■ **Exercise description**
The full listing, returned exactly and free of pictures, is the expected answer.

Recorded information: Begin

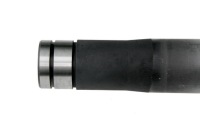 Вал полуось правой opel insignia 2.0 cdti Доставка, фото thumb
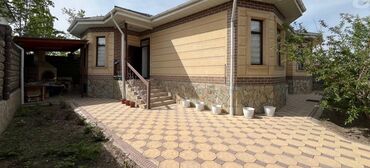 сниму дом в оше: Дом, 180 м², 5 комнат, Агентство недвижимости, Евроремонт
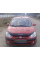 Дефлектор капота мухобойка для Hyundai Gets 2005-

Recorded information: End

■ **Answer space**
 Вал полуось правой opel insignia 2.0 cdti Доставка, фото thumb
 сниму дом в оше: Дом, 180 м², 5 комнат, Агентство недвижимости, Евроремонт
 Дефлектор капота мухобойка для Hyundai Gets 2005-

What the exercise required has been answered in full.